Come avvenuto in oltre 60 città italiane, anche a Trento nel primo pomeriggio di ieri le associazioni per i diritti delle donne sono scese in piazza per protestare contro il disegno di legge Pillon, che prevede una riforma della normativa su separazione, divorzio e affido condiviso dei minori. Un centinaio di persone, in larga parte con striscioni e cartelli, hanno affollato largo Carducci, scandendo slogan chiedendo il ritiro incondizionato della proposta di legge, ritenuta lesiva sia della possibilità di autodeterminazione femminile, sia dei principi di tutela dei minori. Il presidio, proseguito fino al calare del sole, era organizzato dal movimento Non una di meno e dal comitato Transfemminista queer provinciale, con l’adesione della Cgil e della Uil del Trentino, nonché di diverse realtà e associazioni attive sul territorio. 

«Si tratta di un ddl maschilista e classista, che limita i diritti delle donne e dei minori, senza apportare alcun beneficio nella gestione dei conflitti famigliari e nella tutela delle vittime di violenza», hanno detto alcune attiviste delle due organizzazioni promotrici, che non hanno voluto fornire il proprio nome per «non permettere l’identificazione del movimento o del collettivo con un solo portavoce». 

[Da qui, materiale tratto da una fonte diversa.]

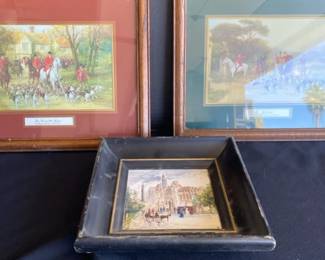 Two Haywood Hardy Hunting With Dogs Prints And One A. Maresca Print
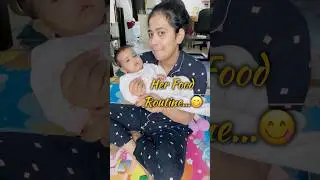 Most requested video: her food routine; 7 months old baby 🌸 #babyfood #homemadecerelac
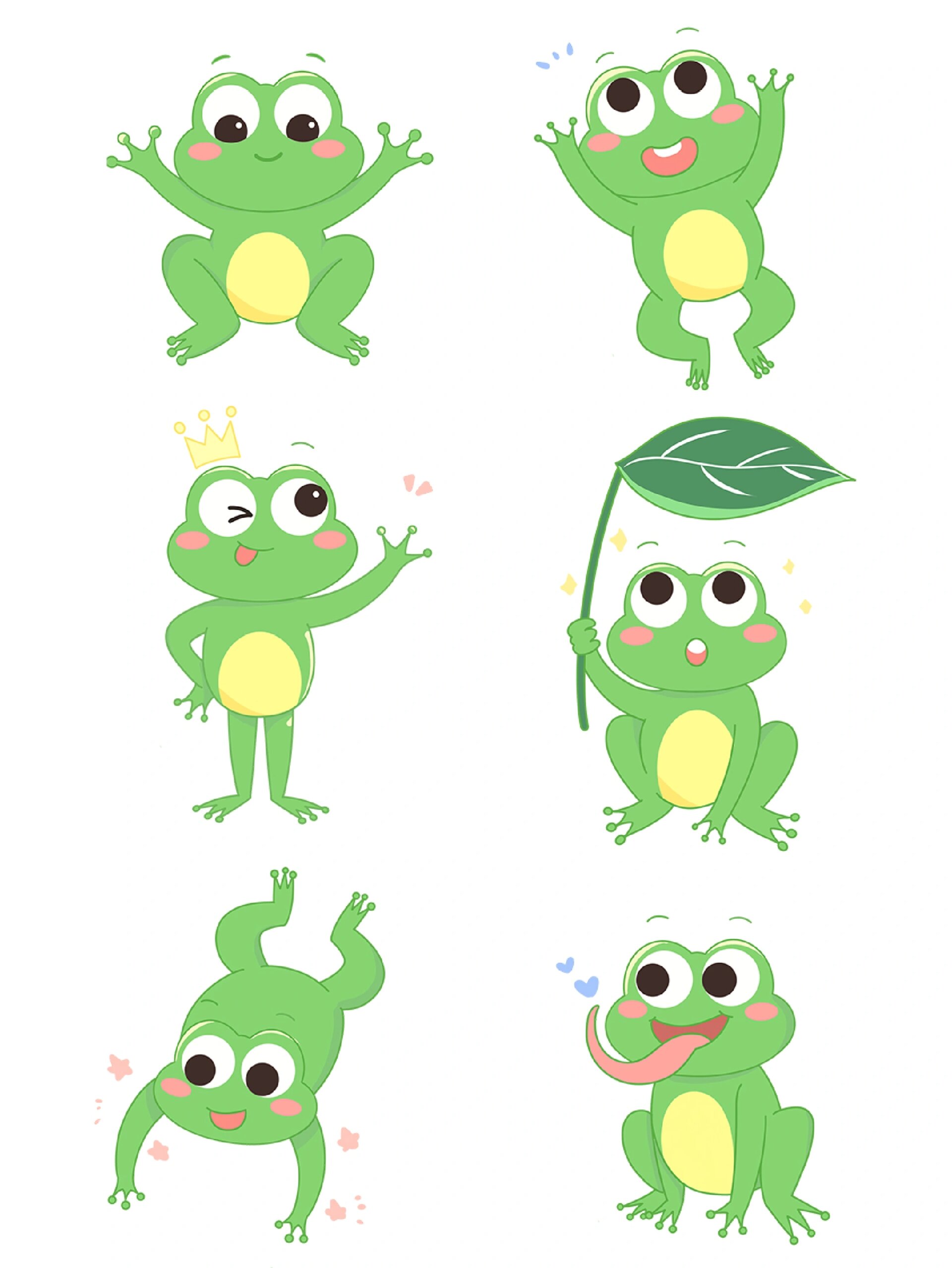 97卡通青蛙|免扣素材97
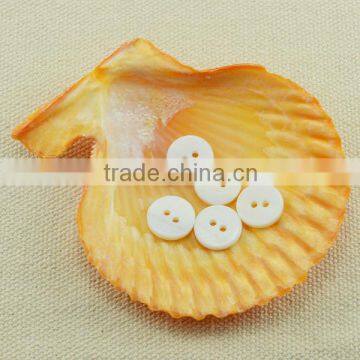 High Quality White Shell Shirt Buttons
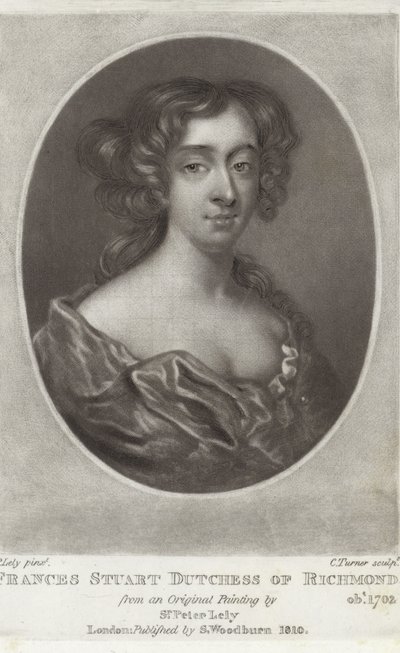 Frances Stuart da Peter Lely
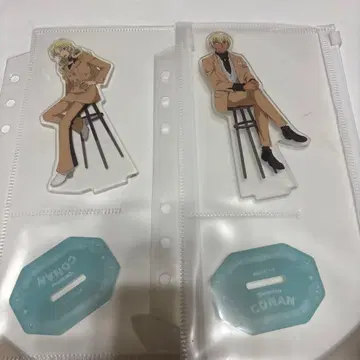 명탐정 코난 아크릴 스탠드 베르무트 아무로 토오루 2종 세트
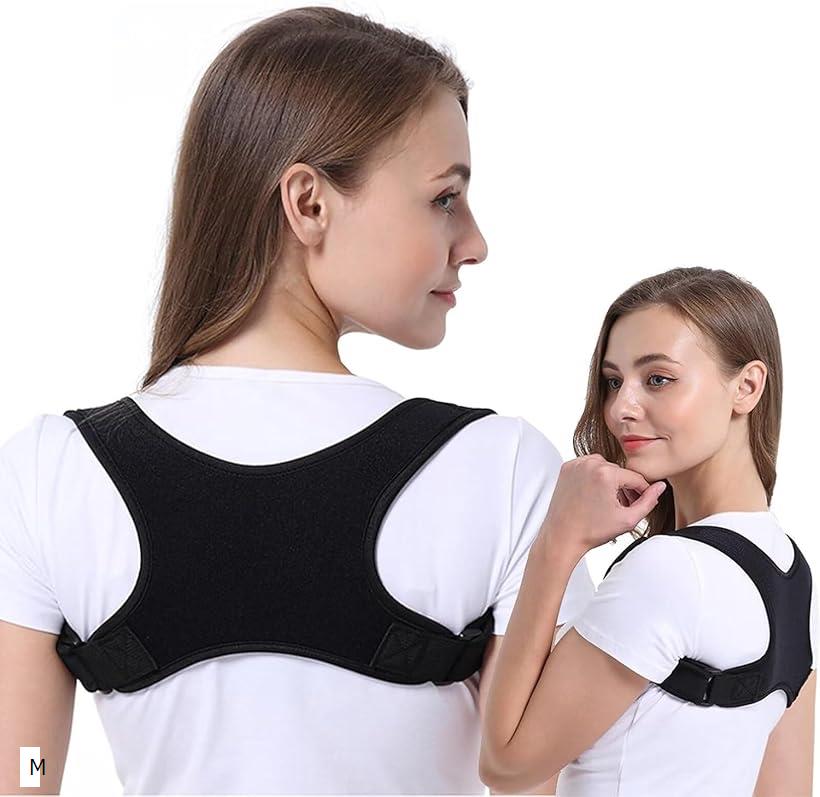 背筋が伸びるマッサージ師が考えた 姿勢サポーター 姿勢ベルト 巻き肩 背中の丸まりに効果的 男女兼用 M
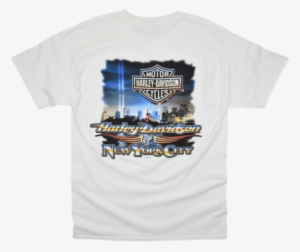 Nyc Exclusive Beams Of Light White Tee - New York City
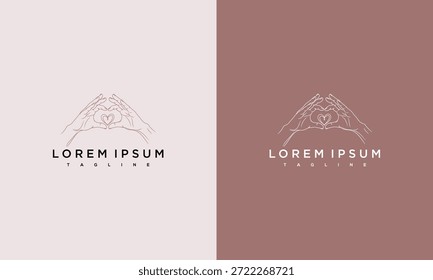 Um conceito de design de logotipo com formas geométricas e elementos abstratos em planos de fundo contrastantes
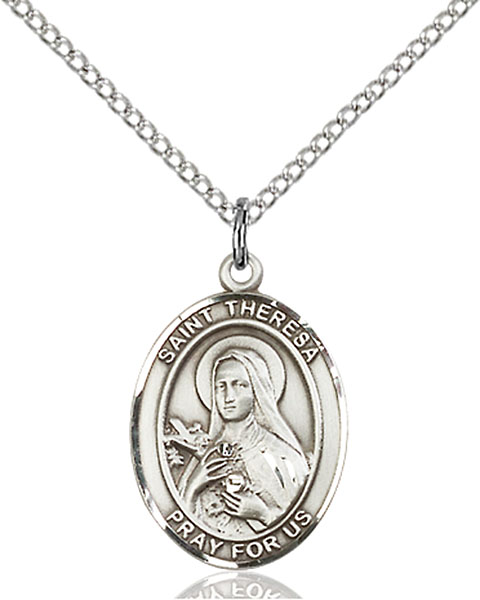 Sterling Silver St. Theresa Pendant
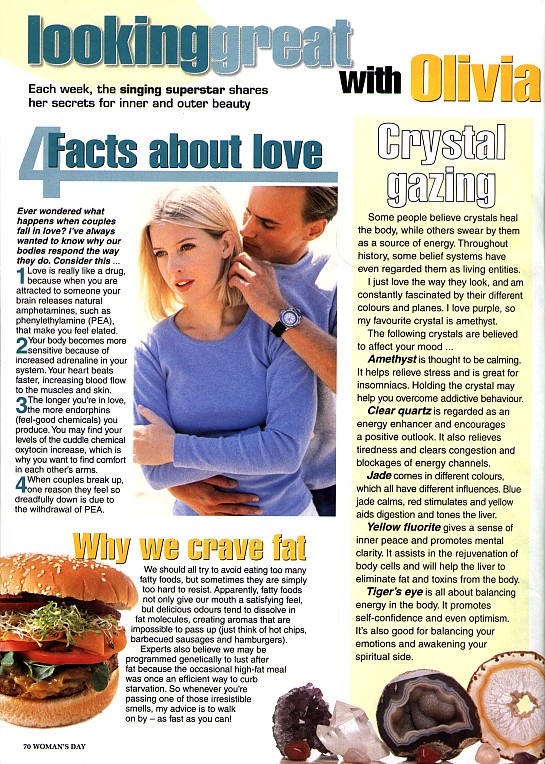 Looking great with Olivia - Womans Day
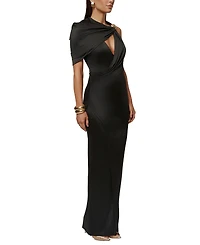 Jluxlabel Women's Enchanted Drape Maxi Dress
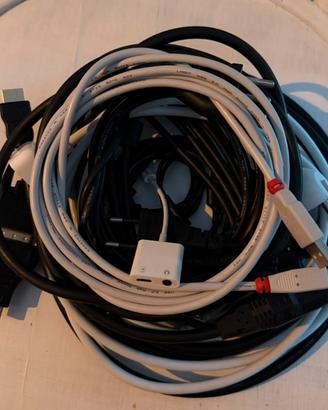 Cavi vari: HDMI, Ethernet, VGA, usb C, usb B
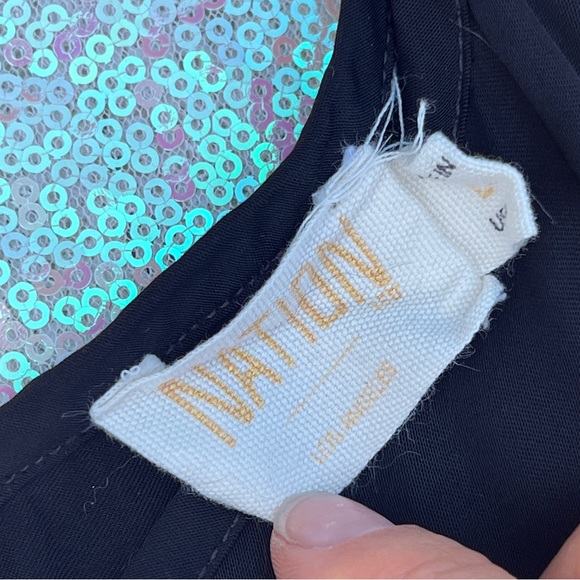 Black Loose Fit Wide Leg Spaghetti Strap Jumpsuit - Picture 2 of 10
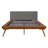 Queen Platform Bed With Wooden In Chestnut And Dark Gray Headboard Engineered Wood-559607981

«In un Paese come l’Italia - hanno poi proseguito - dove gli uomini hanno un indice di occupazione e stipendi più alti, le donne che decidono di non lavorare per curare i figli si vedranno prive di alcuna assistenza economica in caso di separazione o divorzio. Il rischio, in questo caso, è che molte decidano di non lasciare il nucleo familiare pur di non trovarsi su una strada. In caso di accusa di violenza domestica, poi, la donna può addirittura rischiare di vedersi allontanare il figlio, almeno fino al riconoscimento del fatto con una sentenza». 

Altro aspetto rilevato dai manifestanti, riguarda la tutela dei minori, con il paventato rischio di condizionamento dei figli da parte degli stessi genitori nell’elaborazione del piano famigliare. Anche la divisione dei tempi di cura è stata contestata come forma di stress e invasione di campo nella vita del minore, mentre la cosiddetta alienazione parentale a danno di un genitore contenuta nel ddl è stata definita come una «sindrome mai dimostrata scientificamente, ma usata spesso contro la madre in caso di affisso esclusivo».